BELARUS NEWS AND ANALYSIS

DATE:

08/03/2008

In Response to Sanctions, Belarus Seeks to Oust U.S. Envoy

MOSCOW, March 7 -- Belarus said Friday that the U.S. ambassador should leave the country, a response to sanctions that the United States has imposed on the former Soviet republic because of the authoritarian rule of President Alexander Lukashenko.

"Belarus emphatically recommends that U.S. Ambassador Karen Stewart leave our country," the Belarusan Foreign Ministry said in a statement on its Web site Friday. Belarus recalled its own ambassador from Washington.

State Department spokesman Tom Casey said that Stewart was not being immediately withdrawn from the Belarusan capital. "She is in Minsk, and she'll remain in Minsk while we continue to review," he said. "It's important, we think, to have our embassy there in Minsk and to have high-level diplomatic representation there to engage with the Belarusian government on a number of concerns."

Belarus's moves were prompted by sanctions imposed last year on the state oil company, Belneftekhim, which the United States charges is personally controlled by Lukashenko. In November, the Treasury Department froze the company's U.S. assets and barred Americans from doing business with it.

After those actions, Lukashenko said that if there were any more sanctions, Stewart would be expelled.

The Reuters news agency quoted a source close to the Belarus government as saying that Friday's action followed a U.S. note on the November sanctions that "allowed for a broad interpretation of a list of firms linked to Belneftekhim. The Belarusan side viewed that as additional sanctions."
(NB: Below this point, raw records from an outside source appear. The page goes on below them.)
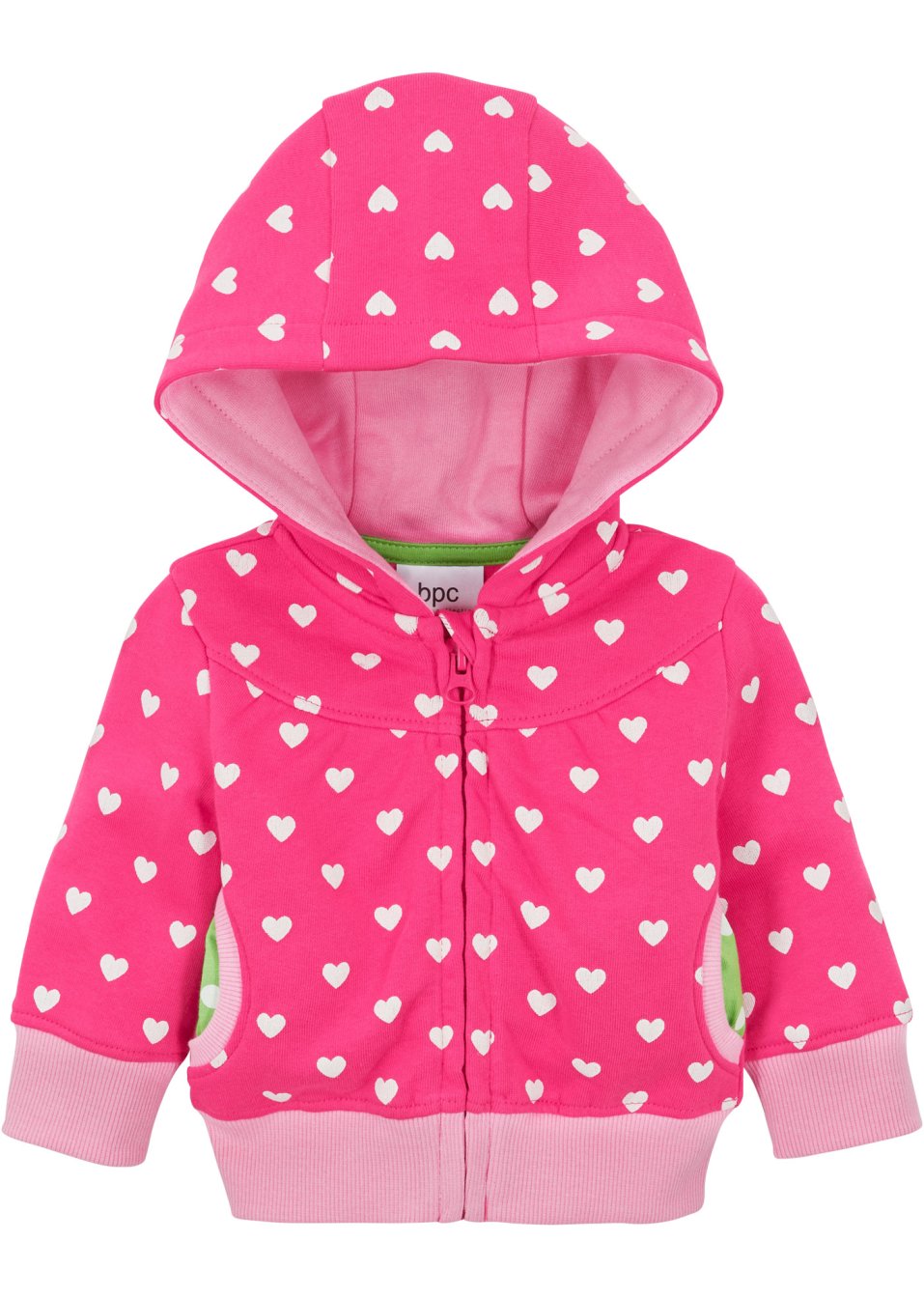 Veste sweat bébé à capuche coton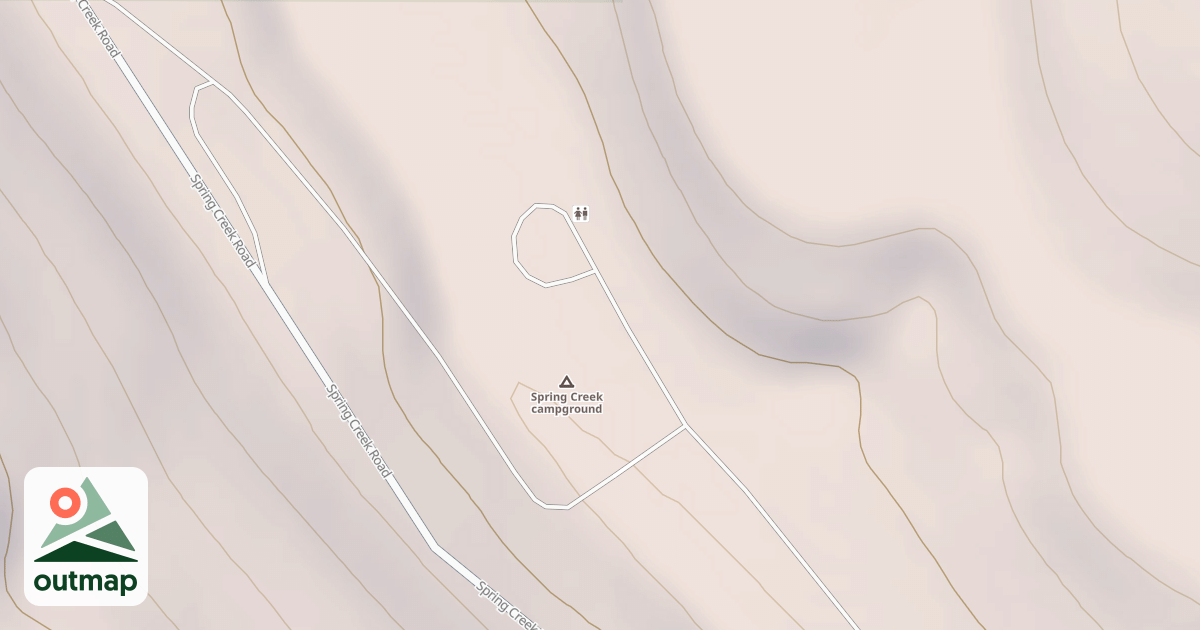 Map of LOWER SPRING CR. C.G. NORTH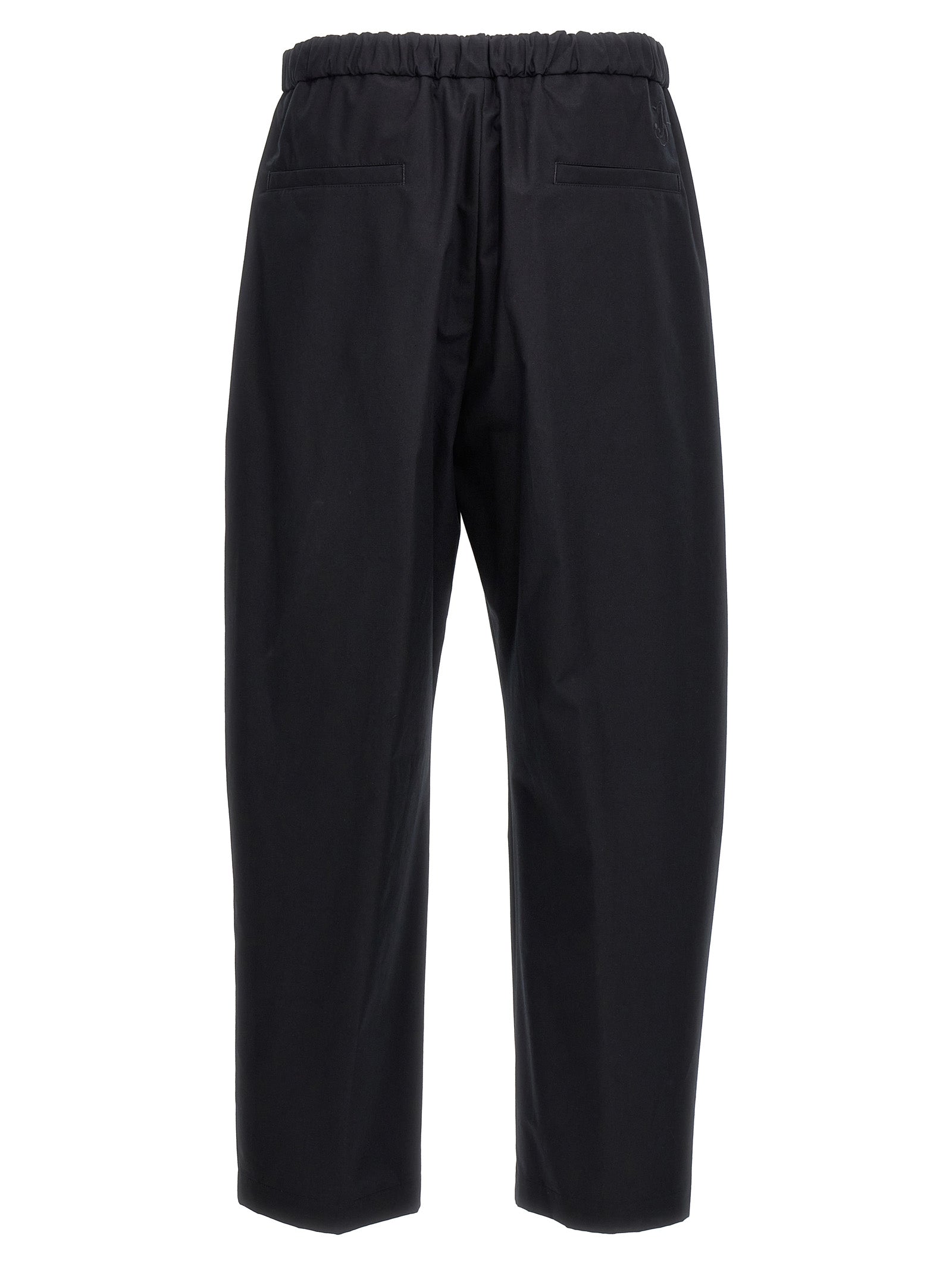 Jil Sander 233 Trousers - Blue Cotton Pants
It was unclear Friday evening when Stewart would leave the country of almost 10 million, which is sandwiched between Russia and Poland. The Belarusan Foreign Ministry said Friday that the latest steps are only two of several "tough moves" that Belarus plans, according to the Russian news agency Interfax.

After flawed presidential elections in March 2006, the United States and the European Union barred Lukashenko and about 30 other Belarusan officials from their territories. The travel ban was widened last year to include directors and deputy directors of state-owned enterprises.

The 2006 vote was followed by a violent crackdown on people who protested Lukashenko's ostensibly huge victory. Some leading opposition figures, including presidential candidate Alexander Kozulin, were imprisoned.

After his relations with Moscow deteriorated last year over increases in the price of Russian energy, Lukashenko attempted to rebuild ties with the West by releasing a number of activists. But the United States said that Kozulin would have to be released before relations could be normalized.

Kozulin, who is serving a 5 1/2 -year sentence after being convicted of hooliganism and inciting mass disorder, was briefly released last month to attend his wife's funeral but was immediately returned to prison afterward.